Combine sherry, soy sauce, & sugar. Heat a couple of tablespoons of oil in a wok or large frying pan, add the ground meat & stir for around 3 minutes. Add Bok Choy or cabbage & cook for 3 more minutes. Add sherry mix, along with mushrooms, cloud ears, bamboo shoots, garlic, & red pepper flakes. Mix well. Add bean curd & stir gently. Add 1/2 cup of water, lower heat, cover, & cook for an additional 3 minutes. Add Hoisin sauce & scallions if using, stir & serve over hot Jasmine rice.


----------



## GB (Apr 12, 2010)

Hey Breezy. Good to see you. Those sound great. Thanks for sharing.

Larry, I went to the Asian market during my lunch today. There were more tofu option than I could count, including all the types you listed. I decided to stick with just a plain firm tofu to start, but if my family will eat this then I just may venture into the flavored ones a bit more. They had a lot of spicy ones at the store which I would have loved, but the rest of my family would not be so happy with.


----------



## Janet H (Apr 12, 2010)

Here's one I do regularly - measurements are approximate.
Tofu, Broccoli & Mushrooms in black bean sauce.

1/2 lb firm tofu - sliced into bite sized pieces and pan seared in a little butter to brown.(set aside).

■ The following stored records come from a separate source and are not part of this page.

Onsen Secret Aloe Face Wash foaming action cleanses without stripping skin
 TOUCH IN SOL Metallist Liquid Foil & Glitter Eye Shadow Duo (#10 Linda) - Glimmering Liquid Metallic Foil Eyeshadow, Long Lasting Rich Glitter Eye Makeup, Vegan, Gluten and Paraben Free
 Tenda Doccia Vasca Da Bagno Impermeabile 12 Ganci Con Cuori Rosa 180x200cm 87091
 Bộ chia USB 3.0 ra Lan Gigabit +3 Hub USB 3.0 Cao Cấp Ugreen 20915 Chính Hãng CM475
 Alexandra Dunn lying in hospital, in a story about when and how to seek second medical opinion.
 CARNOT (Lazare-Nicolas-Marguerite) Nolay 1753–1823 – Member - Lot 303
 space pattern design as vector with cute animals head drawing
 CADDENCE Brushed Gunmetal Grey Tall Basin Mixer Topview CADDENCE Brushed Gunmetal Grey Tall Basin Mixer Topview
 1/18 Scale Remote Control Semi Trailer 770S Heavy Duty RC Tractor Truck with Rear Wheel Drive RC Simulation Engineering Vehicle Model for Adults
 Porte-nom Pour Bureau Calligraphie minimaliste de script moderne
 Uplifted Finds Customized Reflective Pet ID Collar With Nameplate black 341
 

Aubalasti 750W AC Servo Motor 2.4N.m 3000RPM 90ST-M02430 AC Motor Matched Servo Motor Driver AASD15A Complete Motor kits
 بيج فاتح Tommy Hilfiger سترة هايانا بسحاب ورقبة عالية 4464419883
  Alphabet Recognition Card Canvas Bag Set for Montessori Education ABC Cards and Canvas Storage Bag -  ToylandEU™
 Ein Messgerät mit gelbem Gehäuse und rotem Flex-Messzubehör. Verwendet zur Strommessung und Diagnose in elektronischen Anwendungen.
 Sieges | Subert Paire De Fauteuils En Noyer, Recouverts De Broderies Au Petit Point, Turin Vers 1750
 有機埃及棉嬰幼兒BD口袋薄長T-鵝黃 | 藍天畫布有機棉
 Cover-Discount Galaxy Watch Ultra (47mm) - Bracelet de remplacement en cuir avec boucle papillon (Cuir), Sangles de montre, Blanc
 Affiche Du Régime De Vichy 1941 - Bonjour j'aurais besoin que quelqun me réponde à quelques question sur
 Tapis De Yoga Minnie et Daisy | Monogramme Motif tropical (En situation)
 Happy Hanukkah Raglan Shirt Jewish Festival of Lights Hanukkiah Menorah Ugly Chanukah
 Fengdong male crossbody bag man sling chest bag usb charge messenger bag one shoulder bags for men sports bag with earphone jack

Med head of Broccoli - bite size pieces
2 carrots, yellow squash or canned baby corn ears
1/2 sliced onion
Big handful of seasonal Mushrooms (fresh)
Big handful  of Mushroom shitake (re-hydrated) . 
1 knob Fresh ginger - peeled and sliced (about  2 T)
5 cloves garlic minced
1/2 C cashews or peanuts

Handful of chopped cilantro
Sesame oil

Sauce:
1 mounded T of black bean sauce
1 t chili garlic chili sauce
1/2 C beer or white wine or water
1 T rice wine vinegar (adjust acid level based on use of beer or wine (above)
1 T Ketchup (shhh - don't tell ANYONE)
1 - 2 tsp corn starch
1 C Soaking liquid from shitakes

Mix up the sauce into a container (minus the soaking liquid and set aside)
Set aside soaking liquid.


1. Sear onions, yellow veggies and mushrooms in wok or skillet. 
2. Add broccoli and cover for a minute or 2 to steam.  
3. Uncover and add precooked tofu, ginger, garlic and nuts. cook for another minute or two until heated through.  
4. Add sauce to dish and stir rapidly to cook and combine.  Use soaking liquid to adjust sauce thickness.
5. Add chopped cilantro and turn into serving dish. Top with a drizzle of sesame oil.

This whole dish takes about 5 minutes to cook once ingredients are prepped.
Here are links to the sauces referenced - They are available in several brands and keep a long time.

http://www.quickspice.com/scstore/images/leekumkee-blackbeangarlic_lg.jpg
http://www.spicesofindia.co.uk/acatalog/Lee-Kum-Kee-Spicy-Garlic-Sauce-Big.jpg


----------



## GB (Apr 12, 2010)

Now that is what I am talking about. Thanks Janet. That sounds really delicious!


----------